In order to determine whether WRTL’s ads were constitutionally exempt from BCRA’s electioneering communications ban, Roberts had to determine whether the ads were the "functional equivalent of express advocacy."  Based on a number of factors, he concluded that they were not.  The gist of CLC’s analysis is that future ads seeking the exemption will have to have all of the factors Roberts mentions in the principle opinion, namely:

First, their content is consistent with that of a genuine issue ad: They focus and take a position on a legislative issue and exhort the public to adopt that position and to contact public officials with respect to the matter.

Second, their content lacks indicia of express advocacy: They do not mention an election, candidacy, political party, or challenger; and they take no position on a candidate’s character, qualifications, or fitness for office.

Now, naturally, CLC wants to minimize the impact of this case on their "reform" agenda, but their conclusion–that "the Chief Justice’s opinion ‘is susceptible of no reasonable interpretation other than’ as requiring an ad to possess all of these criteria in order to qualify for a new as-applied exception"–takes minimalism to new extremes.  And in doing so, it flips the "functional equivalence" test on its head.

Roberts’ list of factors was intended to illustrate that WRTL’s ads were "plainly not the functional equivalent of express advocacy."  Roberts was not saying, as CLC claims, that WRTL’s ads had set the standard, but rather that WRTL had gone well beyond what they were required to do.  This becomes even more clear if one takes Roberts’ description of the functional equivalence test, which Roberts phrased in the negative, and phrase it in the positive. Here’s what Roberts said:

"[A] court should find that an ad is the functional equivalent of express advocacy [and, therefore, ineligible for an as-applied exemption] only if the ad is susceptible of no reasonable interpretation other than as an appeal to vote for or against a specific candidate."

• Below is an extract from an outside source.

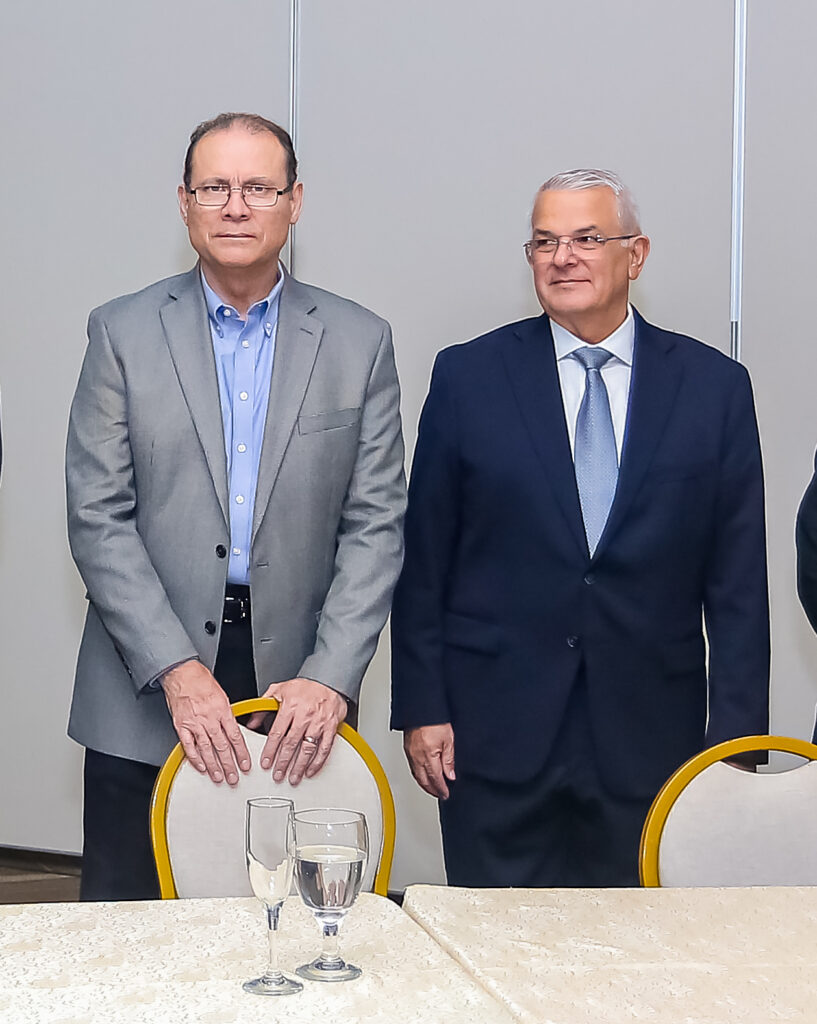 Nuevo gerente y subgerente Banco de Occidente Honduras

Now let’s take the logical flip-side:

A court should find that an ad is entitled to an as-applied exemption if the ad is susceptible of any reasonable interpretation other than as an appeal to vote for or against a specific candidate.

Is that a broad exemption?  Certainly.  Nevertheless, it flows ineluctably from Roberts’ opinion.  Moreover, it’s consistent with the robust First Amendment protection described in Roberts’ concluding statement:

"[W]hen it comes to defining what speech qualifies as the functional equivalent of express advocacy subject to [the electioneering communications] ban . . . we give the benefit of the doubt to speech, not censorship. The First Amendment’s command that "Congress shall make no law . . . abridging the freedom of speech" demands at least that." 

CLC’s uncharitably ultra-minimalist reading of Roberts’ opinion would produce the very opposite result, giving the benefit of the doubt to censorship.  That would fit nicely with their larger policy goals, but a casual reading of WRTL II makes clear that Chief Justice Roberts wisely declined to take that approach.  CLC may not like it, but there’s no use denying it.  Doing so–to paraphrase another Justice’s opinion in WRTL II–is not minimalism, it is obfuscation.